Exercise – Without including any pictures, write out the listing below exactly.

Given material –

++++++++

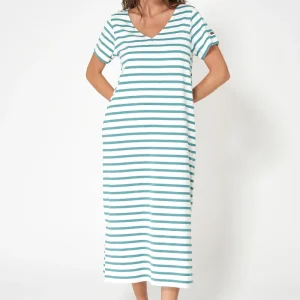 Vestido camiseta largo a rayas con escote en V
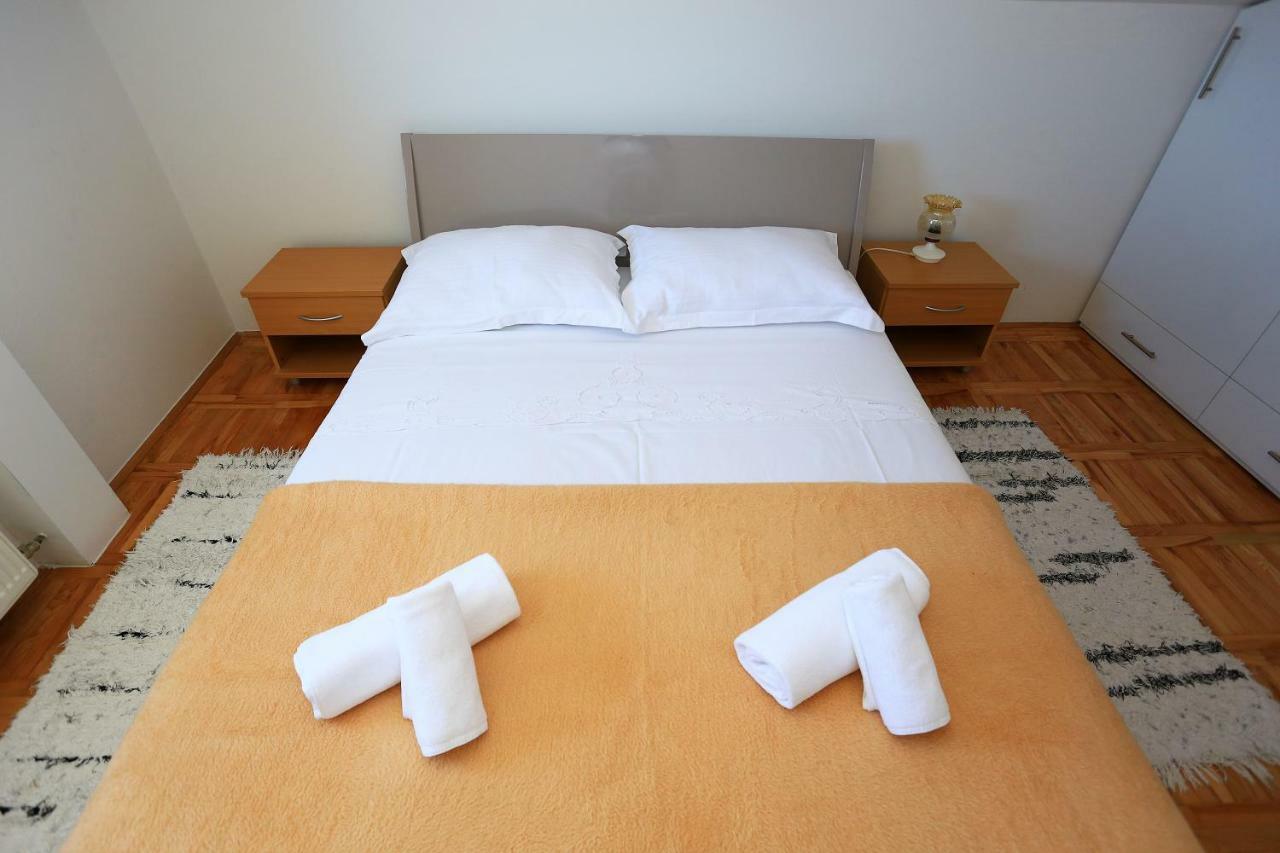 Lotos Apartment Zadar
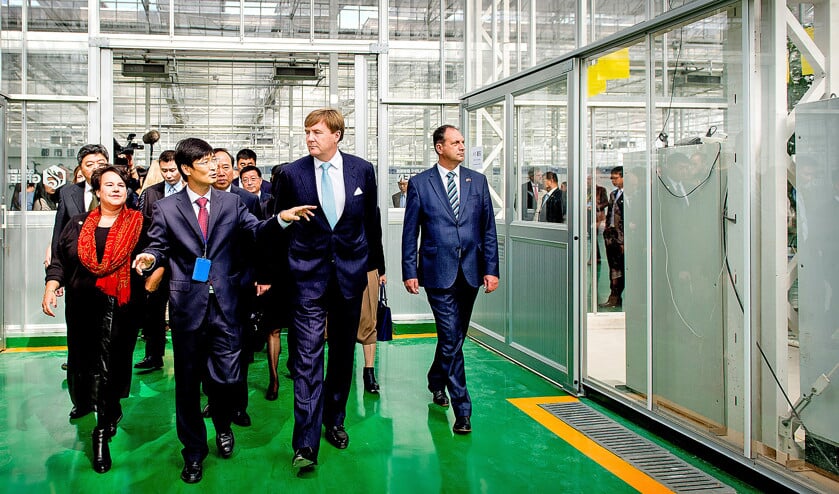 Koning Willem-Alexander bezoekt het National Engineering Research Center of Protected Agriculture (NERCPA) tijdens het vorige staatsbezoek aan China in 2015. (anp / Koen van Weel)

++++++++

Your solution –
 Vestido camiseta largo a rayas con escote en V
 Lotos Apartment Zadar
 Koning Willem-Alexander bezoekt het National Engineering Research Center of Protected Agriculture (NERCPA) tijdens het vorige staatsbezoek aan China in 2015. (anp / Koen van Weel)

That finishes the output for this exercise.